In the case of men, glucose was identified as the primary factor associated with MetS, followed by triglycerides, waist circumference, atherogenic index, and systolic blood pressure. Additionally, the consumption of lactose [
60] and carbohydrates [
61] was noted among the nutrients. Elevated glucose, triglycerides, and waist circumference are critical markers of MetS, while the atherogenic index assesses cardiovascular risk. High systolic blood pressure is another significant component of this syndrome. Regarding lactose, it is worth noting that certain dairy products may include added sugars, which can potentially increase the overall calorie intake [
62]. This potentially contributes to obesity and insulin resistance, which are two critical factors in the onset of MetS. Moreover, high lactose consumption is associated with a risk factor for developing diabetes, cardiovascular diseases, and increased cholesterol levels [
63,
64].
It is possible that when working with unbalanced datasets, machine learning models like logistic regression tend to be biased towards the majority class. For this reason, data balancing techniques such as SMOTE and ADASYN were used to enable a more equitable training of the models to identify more precise relationships between variables and the MetS.

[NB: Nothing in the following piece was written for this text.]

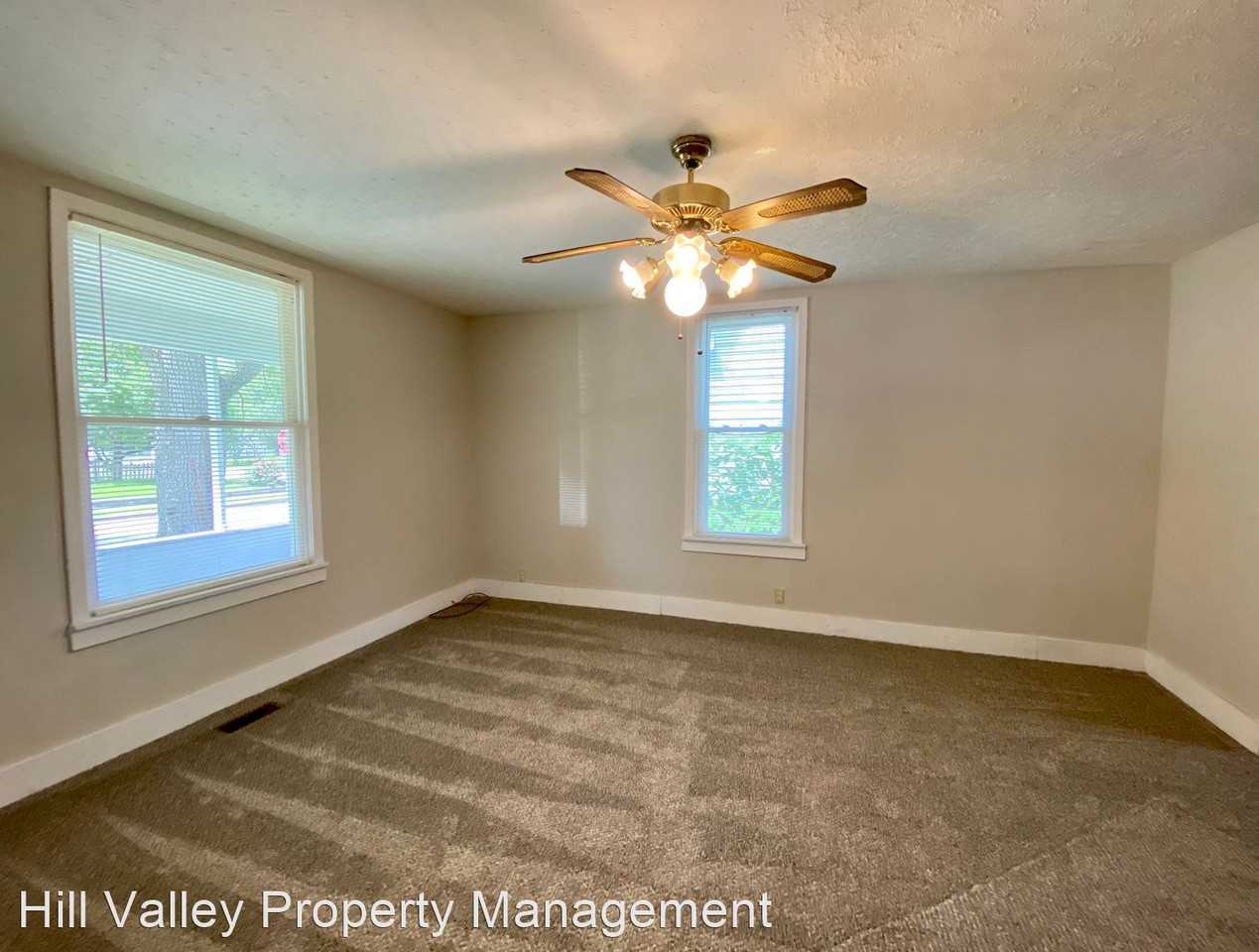 2206 2nd Ave - Photo 3 of 17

5.2. Use of Machine Learning with Synthetic Data
The most effective machine learning models for women revealed associations with attributes related to sleep quality, such as snores during sleep [
65], short sleep duration (SLPSOB1) [
66], waking up with shortness of breath (BREATH) [
67], restless sleep (SLPNOTQ) [
68], and somnolence (SLPS3). Multiple studies have shown that poor sleep quality is closely linked to cardiovascular disease [
69,
70], diabetes [
71], and MetS [
72], as well as other adverse health outcomes. In the case of women, an increased likelihood of facing significant risks related to cardiovascular diseases and sleep problems has been observed, especially for those in the postmenopausal stage, which, in turn, can contribute to the development of risks associated with MetS [
73]. Additionally, they highlighted factors related to anxiety (TRAIT_ANX), despite the association between MetS and anxiety remaining a subject of debate due to various issues [
74], this study, like some others [
75,
76,
77,
78], identified anxiety as one of the critical factors that predisposing women to MetS.
In the same way, ex-smokers and current smokers (EXSMOKER, SMOKING) were found to be relevant features; based on this, it has been observed that both smokers and former smokers are predisposed to MetS. This finding is supported by various studies that suggest that smoking can have an adverse impact on blood lipid levels and lead to metabolic disturbances [
79,
80,
81].
In women, nutritional components also appeared as relevant features, such as SATFAT, MONFAT, SUCR, FRUCT, and MALT. Based on this, a study has revealed that fructose, sucrose, and maltose are critical components of the leading nutrient pattern associated with a higher risk of MetS [
58].
In the case of men, the most effective machine learning models displayed more pronounced associations with features linked to the SDI, encompassing ENER_AD, EDULAG, durable goods (DURAB, HEALTHHAC), quality and living space (QUA_HOUS), socioeconomic stratum (STRATUM), social development index by value (VALUE), and sanitary adequacy (SANITRY). In studies [
22,
82,
83,
84], a significant association has been observed between a low socioeconomic level and the prevalence of metabolic syndrome. Furthermore, these models underscored variables related to parental gout conditions (MOTHERGT, FATHERGT). This supports research exploring the genetic predisposition to gout and suggests that a family history of this disease may increase the risk of other family members developing it [
85]. This condition may also be related to metabolic syndrome due to poor dietary habits that could lead to obesity and insulin resistance [
86,
87].
5.3. Principal Component Analysis
Based on the resulting features obtained for men and women via machine learning models, we applied principal component analysis to identify trends and potential correlations. The
PCA conducted using the features obtained for men (
Figure 3) showed that
PC1 (the most significant component) revealed a strong association of body-related factors, specifically WEIGHT, and BMI.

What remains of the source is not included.